**WHAT IS BEING ASKED**
Line by line, retype the material with nothing left out.

**DATA SECTION**

╭──

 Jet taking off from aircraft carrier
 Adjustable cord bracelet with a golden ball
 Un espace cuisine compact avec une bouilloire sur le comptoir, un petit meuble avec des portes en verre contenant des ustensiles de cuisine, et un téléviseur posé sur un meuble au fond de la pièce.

╰──

**REPLY**
 Jet taking off from aircraft carrier
 Adjustable cord bracelet with a golden ball
 Un espace cuisine compact avec une bouilloire sur le comptoir, un petit meuble avec des portes en verre contenant des ustensiles de cuisine, et un téléviseur posé sur un meuble au fond de la pièce.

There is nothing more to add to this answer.